--- START ---

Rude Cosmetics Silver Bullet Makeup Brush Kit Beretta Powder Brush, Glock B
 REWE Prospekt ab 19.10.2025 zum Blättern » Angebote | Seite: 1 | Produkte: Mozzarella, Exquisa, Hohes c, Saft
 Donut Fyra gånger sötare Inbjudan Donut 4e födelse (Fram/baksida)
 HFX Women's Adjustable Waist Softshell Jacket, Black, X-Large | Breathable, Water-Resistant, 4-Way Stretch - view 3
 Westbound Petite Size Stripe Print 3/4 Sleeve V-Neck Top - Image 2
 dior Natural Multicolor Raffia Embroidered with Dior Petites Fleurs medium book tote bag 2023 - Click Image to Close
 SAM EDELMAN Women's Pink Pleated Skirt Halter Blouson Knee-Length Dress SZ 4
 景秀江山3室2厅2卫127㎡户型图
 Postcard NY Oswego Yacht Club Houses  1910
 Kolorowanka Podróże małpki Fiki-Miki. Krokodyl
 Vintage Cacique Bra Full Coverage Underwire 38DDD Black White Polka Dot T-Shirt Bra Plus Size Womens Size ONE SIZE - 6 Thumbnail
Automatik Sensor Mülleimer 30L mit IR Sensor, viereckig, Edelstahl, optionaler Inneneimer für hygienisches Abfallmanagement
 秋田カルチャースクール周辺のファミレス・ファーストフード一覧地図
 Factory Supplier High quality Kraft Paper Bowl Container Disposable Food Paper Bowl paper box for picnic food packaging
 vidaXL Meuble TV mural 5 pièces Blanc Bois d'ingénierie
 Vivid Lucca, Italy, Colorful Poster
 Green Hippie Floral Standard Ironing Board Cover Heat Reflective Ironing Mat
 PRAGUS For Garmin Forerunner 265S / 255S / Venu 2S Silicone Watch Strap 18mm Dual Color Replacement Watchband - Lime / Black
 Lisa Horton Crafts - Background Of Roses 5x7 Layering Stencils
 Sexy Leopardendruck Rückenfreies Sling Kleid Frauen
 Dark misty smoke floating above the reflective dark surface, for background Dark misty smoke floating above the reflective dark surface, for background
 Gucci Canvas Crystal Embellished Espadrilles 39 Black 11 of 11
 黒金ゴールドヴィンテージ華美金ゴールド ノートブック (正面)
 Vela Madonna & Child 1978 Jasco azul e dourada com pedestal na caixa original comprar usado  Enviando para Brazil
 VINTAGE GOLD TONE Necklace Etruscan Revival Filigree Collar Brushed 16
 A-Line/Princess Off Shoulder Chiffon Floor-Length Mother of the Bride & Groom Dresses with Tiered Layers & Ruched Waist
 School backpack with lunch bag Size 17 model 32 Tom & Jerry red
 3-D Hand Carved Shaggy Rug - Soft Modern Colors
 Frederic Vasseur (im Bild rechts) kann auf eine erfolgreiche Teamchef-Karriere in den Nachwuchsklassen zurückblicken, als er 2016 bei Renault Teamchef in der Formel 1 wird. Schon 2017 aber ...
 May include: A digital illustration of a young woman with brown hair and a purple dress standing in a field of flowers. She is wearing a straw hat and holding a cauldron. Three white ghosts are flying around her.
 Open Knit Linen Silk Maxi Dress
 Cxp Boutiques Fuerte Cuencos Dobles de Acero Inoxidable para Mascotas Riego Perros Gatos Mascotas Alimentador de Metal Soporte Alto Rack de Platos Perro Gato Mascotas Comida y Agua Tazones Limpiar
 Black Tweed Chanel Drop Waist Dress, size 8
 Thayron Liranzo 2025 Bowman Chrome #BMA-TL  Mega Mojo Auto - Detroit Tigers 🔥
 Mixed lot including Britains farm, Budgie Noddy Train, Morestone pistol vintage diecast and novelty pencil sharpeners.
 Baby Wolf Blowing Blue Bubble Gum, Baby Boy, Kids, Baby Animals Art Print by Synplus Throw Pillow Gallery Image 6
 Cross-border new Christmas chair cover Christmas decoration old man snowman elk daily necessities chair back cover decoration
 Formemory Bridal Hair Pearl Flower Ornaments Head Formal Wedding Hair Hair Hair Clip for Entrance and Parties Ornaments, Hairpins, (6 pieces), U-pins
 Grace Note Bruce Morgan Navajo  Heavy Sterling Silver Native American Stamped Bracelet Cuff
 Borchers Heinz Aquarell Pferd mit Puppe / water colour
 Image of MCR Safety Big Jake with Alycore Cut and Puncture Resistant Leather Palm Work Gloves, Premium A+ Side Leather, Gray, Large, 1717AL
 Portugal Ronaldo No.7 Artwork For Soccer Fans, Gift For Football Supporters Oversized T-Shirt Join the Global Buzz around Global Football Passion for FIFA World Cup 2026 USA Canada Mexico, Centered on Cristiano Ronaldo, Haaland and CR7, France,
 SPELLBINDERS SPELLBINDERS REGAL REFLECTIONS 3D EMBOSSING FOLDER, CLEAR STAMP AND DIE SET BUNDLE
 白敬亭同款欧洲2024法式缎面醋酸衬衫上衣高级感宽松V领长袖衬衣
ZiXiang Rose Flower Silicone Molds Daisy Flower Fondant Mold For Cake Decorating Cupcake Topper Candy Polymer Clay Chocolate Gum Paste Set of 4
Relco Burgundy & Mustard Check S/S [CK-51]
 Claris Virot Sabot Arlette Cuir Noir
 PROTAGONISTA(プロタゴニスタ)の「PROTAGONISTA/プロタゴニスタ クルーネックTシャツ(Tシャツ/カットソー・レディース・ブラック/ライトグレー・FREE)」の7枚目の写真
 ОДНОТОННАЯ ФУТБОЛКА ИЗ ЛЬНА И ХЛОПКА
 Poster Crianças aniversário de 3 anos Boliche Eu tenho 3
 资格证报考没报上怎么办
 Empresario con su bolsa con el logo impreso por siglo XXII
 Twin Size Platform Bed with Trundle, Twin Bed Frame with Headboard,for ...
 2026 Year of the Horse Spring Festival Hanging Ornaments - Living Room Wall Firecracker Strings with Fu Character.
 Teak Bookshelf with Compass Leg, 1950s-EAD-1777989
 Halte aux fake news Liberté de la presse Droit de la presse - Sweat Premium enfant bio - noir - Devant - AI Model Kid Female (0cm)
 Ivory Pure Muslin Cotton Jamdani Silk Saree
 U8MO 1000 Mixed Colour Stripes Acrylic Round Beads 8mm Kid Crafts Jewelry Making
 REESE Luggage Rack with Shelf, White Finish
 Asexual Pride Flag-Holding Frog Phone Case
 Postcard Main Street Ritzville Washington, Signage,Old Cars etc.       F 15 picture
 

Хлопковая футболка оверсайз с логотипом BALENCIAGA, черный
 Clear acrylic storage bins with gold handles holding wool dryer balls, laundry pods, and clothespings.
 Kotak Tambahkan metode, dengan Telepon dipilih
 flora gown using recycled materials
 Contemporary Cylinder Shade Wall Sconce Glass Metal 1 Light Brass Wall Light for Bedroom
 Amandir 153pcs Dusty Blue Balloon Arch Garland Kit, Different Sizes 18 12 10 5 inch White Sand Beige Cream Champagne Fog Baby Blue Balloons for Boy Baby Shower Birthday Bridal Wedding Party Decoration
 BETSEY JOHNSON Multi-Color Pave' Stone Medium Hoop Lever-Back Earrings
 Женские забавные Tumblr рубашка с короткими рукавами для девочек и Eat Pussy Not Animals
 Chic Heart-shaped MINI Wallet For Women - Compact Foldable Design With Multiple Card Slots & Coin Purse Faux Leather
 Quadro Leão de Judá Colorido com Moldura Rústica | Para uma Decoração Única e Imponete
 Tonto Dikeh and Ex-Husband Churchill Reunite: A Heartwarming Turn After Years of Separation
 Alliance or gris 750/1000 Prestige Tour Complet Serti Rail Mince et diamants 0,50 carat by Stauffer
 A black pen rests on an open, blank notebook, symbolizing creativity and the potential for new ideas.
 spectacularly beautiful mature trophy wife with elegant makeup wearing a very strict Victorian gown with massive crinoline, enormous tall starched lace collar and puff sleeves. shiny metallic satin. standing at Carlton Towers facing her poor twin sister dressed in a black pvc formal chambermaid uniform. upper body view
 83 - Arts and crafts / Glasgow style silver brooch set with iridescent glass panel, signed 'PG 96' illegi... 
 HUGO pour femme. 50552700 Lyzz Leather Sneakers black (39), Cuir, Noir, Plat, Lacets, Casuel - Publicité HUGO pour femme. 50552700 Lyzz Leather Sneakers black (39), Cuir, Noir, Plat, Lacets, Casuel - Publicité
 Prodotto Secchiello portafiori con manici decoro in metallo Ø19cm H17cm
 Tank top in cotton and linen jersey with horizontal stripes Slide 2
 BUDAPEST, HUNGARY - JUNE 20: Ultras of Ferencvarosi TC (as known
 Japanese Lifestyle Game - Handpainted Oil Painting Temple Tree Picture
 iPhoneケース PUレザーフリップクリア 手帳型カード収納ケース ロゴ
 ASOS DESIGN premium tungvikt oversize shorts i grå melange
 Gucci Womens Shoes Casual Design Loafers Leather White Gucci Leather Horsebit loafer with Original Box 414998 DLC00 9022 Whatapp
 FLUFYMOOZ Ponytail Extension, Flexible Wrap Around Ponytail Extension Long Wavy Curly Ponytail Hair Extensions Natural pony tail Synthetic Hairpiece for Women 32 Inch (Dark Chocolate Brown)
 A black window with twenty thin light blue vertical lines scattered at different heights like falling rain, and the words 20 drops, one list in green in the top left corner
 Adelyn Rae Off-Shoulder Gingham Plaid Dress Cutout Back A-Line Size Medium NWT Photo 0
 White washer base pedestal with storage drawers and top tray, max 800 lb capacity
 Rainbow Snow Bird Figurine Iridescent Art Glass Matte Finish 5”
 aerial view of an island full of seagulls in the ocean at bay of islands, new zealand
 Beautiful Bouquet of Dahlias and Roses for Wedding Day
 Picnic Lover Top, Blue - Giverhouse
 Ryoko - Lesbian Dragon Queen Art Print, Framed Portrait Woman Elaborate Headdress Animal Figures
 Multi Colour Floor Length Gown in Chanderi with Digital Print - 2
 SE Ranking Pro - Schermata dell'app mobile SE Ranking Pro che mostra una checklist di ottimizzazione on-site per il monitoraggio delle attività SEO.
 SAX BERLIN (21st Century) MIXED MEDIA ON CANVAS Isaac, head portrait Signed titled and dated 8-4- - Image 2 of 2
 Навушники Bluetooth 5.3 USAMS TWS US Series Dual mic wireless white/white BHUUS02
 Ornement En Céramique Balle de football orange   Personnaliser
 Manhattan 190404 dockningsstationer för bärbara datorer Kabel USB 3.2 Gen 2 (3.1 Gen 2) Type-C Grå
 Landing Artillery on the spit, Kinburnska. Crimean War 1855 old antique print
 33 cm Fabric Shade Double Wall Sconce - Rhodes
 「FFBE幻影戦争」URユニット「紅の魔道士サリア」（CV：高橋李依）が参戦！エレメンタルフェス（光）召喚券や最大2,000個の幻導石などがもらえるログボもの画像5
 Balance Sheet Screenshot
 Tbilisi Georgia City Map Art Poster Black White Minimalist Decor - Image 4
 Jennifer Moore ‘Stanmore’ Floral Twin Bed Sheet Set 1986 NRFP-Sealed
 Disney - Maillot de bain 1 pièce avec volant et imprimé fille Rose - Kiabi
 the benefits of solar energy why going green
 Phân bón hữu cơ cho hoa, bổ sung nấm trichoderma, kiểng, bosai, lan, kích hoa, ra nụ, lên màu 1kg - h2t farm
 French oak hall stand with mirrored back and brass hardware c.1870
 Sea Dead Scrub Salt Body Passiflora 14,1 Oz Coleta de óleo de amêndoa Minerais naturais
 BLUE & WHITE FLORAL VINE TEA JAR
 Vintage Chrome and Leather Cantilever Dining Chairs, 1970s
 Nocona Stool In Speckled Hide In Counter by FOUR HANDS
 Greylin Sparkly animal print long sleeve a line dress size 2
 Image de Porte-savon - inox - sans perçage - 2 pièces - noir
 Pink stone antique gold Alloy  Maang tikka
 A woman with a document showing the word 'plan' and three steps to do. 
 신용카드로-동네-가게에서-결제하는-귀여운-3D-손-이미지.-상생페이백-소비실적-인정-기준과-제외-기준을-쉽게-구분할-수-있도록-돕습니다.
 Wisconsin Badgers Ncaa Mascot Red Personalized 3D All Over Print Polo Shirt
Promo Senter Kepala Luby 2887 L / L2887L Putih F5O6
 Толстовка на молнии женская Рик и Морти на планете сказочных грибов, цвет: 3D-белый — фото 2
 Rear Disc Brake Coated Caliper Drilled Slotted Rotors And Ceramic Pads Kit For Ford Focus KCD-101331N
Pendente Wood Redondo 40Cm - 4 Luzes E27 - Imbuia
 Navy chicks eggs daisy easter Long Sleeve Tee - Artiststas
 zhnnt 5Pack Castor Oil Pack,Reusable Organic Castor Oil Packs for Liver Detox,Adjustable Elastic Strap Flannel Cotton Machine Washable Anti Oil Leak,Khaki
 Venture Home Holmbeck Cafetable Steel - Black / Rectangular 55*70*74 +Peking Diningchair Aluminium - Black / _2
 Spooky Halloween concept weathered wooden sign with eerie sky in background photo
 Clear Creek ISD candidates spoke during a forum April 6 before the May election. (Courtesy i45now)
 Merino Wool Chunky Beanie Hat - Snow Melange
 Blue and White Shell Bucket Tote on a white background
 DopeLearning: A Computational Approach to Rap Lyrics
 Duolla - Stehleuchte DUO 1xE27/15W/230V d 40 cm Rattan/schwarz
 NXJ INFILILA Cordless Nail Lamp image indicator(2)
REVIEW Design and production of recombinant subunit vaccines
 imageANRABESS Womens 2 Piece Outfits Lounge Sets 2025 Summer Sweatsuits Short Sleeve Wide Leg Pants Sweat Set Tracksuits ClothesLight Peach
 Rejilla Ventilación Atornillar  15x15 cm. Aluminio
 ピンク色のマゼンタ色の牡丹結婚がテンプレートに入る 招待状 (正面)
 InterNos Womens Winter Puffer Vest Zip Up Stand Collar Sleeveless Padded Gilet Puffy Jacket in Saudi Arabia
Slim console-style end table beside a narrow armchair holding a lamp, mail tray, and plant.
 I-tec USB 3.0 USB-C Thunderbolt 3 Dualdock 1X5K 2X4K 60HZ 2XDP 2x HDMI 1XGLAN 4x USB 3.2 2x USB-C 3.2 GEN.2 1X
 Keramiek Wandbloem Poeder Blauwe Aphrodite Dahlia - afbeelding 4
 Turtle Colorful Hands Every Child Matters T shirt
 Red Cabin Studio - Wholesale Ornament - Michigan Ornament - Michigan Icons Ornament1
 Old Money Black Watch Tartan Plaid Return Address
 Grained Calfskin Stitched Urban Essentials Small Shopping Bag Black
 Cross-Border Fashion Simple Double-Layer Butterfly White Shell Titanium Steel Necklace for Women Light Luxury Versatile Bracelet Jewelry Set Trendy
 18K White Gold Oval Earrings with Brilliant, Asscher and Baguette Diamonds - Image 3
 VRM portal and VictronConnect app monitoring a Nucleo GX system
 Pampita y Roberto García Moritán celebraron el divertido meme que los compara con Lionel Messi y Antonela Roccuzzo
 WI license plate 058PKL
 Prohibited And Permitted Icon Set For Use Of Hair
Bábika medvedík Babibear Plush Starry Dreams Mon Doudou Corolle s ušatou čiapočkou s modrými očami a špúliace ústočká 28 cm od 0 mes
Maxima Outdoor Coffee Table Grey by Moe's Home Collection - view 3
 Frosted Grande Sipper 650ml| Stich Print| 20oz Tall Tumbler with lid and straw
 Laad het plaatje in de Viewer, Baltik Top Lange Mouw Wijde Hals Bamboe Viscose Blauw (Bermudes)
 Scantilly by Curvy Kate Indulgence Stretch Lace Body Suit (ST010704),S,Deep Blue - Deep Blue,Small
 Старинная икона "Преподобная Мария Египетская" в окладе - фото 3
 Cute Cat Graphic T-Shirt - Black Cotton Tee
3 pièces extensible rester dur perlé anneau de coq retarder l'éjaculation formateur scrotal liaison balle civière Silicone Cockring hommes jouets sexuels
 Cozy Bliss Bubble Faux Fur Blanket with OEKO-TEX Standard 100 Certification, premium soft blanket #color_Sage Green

--- END ---

> EXERCISE DESCRIPTION:
Write out exactly the lines that fall from the line with "2026 Year of" to the line with "A black pen" in the records above, keeping both ends.

> EXERCISE ANSWER:
 2026 Year of the Horse Spring Festival Hanging Ornaments - Living Room Wall Firecracker Strings with Fu Character.
 Teak Bookshelf with Compass Leg, 1950s-EAD-1777989
 Halte aux fake news Liberté de la presse Droit de la presse - Sweat Premium enfant bio - noir - Devant - AI Model Kid Female (0cm)
 Ivory Pure Muslin Cotton Jamdani Silk Saree
 U8MO 1000 Mixed Colour Stripes Acrylic Round Beads 8mm Kid Crafts Jewelry Making
 REESE Luggage Rack with Shelf, White Finish
 Asexual Pride Flag-Holding Frog Phone Case
 Postcard Main Street Ritzville Washington, Signage,Old Cars etc.       F 15 picture
 

Хлопковая футболка оверсайз с логотипом BALENCIAGA, черный
 Clear acrylic storage bins with gold handles holding wool dryer balls, laundry pods, and clothespings.
 Kotak Tambahkan metode, dengan Telepon dipilih
 flora gown using recycled materials
 Contemporary Cylinder Shade Wall Sconce Glass Metal 1 Light Brass Wall Light for Bedroom
 Amandir 153pcs Dusty Blue Balloon Arch Garland Kit, Different Sizes 18 12 10 5 inch White Sand Beige Cream Champagne Fog Baby Blue Balloons for Boy Baby Shower Birthday Bridal Wedding Party Decoration
 BETSEY JOHNSON Multi-Color Pave' Stone Medium Hoop Lever-Back Earrings
 Женские забавные Tumblr рубашка с короткими рукавами для девочек и Eat Pussy Not Animals
 Chic Heart-shaped MINI Wallet For Women - Compact Foldable Design With Multiple Card Slots & Coin Purse Faux Leather
 Quadro Leão de Judá Colorido com Moldura Rústica | Para uma Decoração Única e Imponete
 Tonto Dikeh and Ex-Husband Churchill Reunite: A Heartwarming Turn After Years of Separation
 Alliance or gris 750/1000 Prestige Tour Complet Serti Rail Mince et diamants 0,50 carat by Stauffer
 A black pen rests on an open, blank notebook, symbolizing creativity and the potential for new ideas.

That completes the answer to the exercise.